Xero web finance effort gathers steamby
Fintech - online financial technology - continues to gather pace within accountancy as alternative finance providers court practitioners and their cloud accounting platforms.
Over the past year or so, AccountingWEB has picked up stories about fintech companies targeting the accountancy market, including international payments platforms such as MidPoint and Payoneer, the FloFunder start-up and the recent online finance collaboration between FreeAgent and Royal Bank of Scotland.
In recent weeks, more contenders have thrown their hat into the ring led by Xero, which announced integrations with Market Invoice, Iwoca and DueCourse. Xero already has similar arrangements in place in its home market of New Zealand with Fuelled, Capify and Moula in Australia and six finance providers in the US.
MarketInvoice has been part of the Xero community since 2011 and says it has lent £1.1bn against 70,000 invoices in that period. The latest announcement confirms it as one of the founding members of Xero’s “curated” marketplace for business finance providers.

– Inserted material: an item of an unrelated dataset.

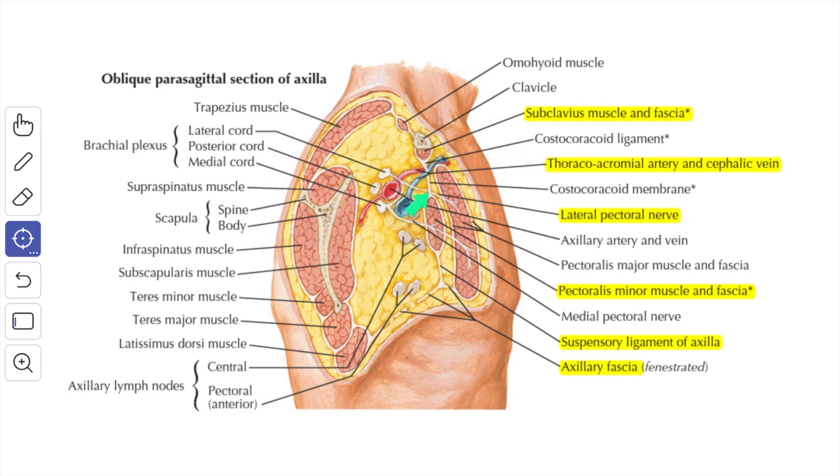The clavipectoral fascia splits to enclose the pectoralis minor muscle. At the lower border of the pectoralis minor muscle it unites and forms the suspensory ligament of the axilla, fusing with the summit of the axillary fascia to maintain the hollow of the armpit. The structures that pierce the clavipectoral fascia visible here are: the cephalic vein, the thoracoacromial artery, the lateral pectoral nerve, and the lymphatics.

According to Xero UK managing director Gary Turner, the initiative is all part of the company’s financial web initiative to give small businesses and their advisors easier access to the funds and services they need to grow. Linking directly to the accounting data makes for quicker risk assessments and loan agreements.
“The philosophy is simple,” said Turner. “Better accounting data leads to better decisions and easier access to capital needed by so many small businesses.”
Iwoca is a newer player, having entered the accountancy ecosystem in January 2017. Described by its head of accountancy relationships as “a tech company at heart” that is looking to streamline the credit process, it has access to a £56m balance sheet of venture capital to support a growing pool of short-term business loans.
The company provides “seamless credit agreements” at rates of between 2%-6% per month based on the business’s profile.
At a QuickBooks event in March Richard Sutton said he had recruited 10 accounting partners who were now referring clients for loans. He would like to bring more on board but said there was still some ambivalence in the market.
“A lot of accountants are worried by the fintech boom. By linking to the cloud they can offer more services to clients, but some are finding it hard to keep up,” Sutton said. But the profession should wake up to convenience of online finance: “For a traditional bank loan, it can take accountants up to a week to get the documents together. We can be done in minutes.”
DueCourse is a short-term invoice finance provider that aims to help businesses cover cash flow blips. Once an invoice is issued, they can draw on the funds from the online financier rather than having to wait for the payment to come back. The fees are based on a daily rate for the amount outstanding; a fee of £30 for a £500 advance over 60 days is cited on its website.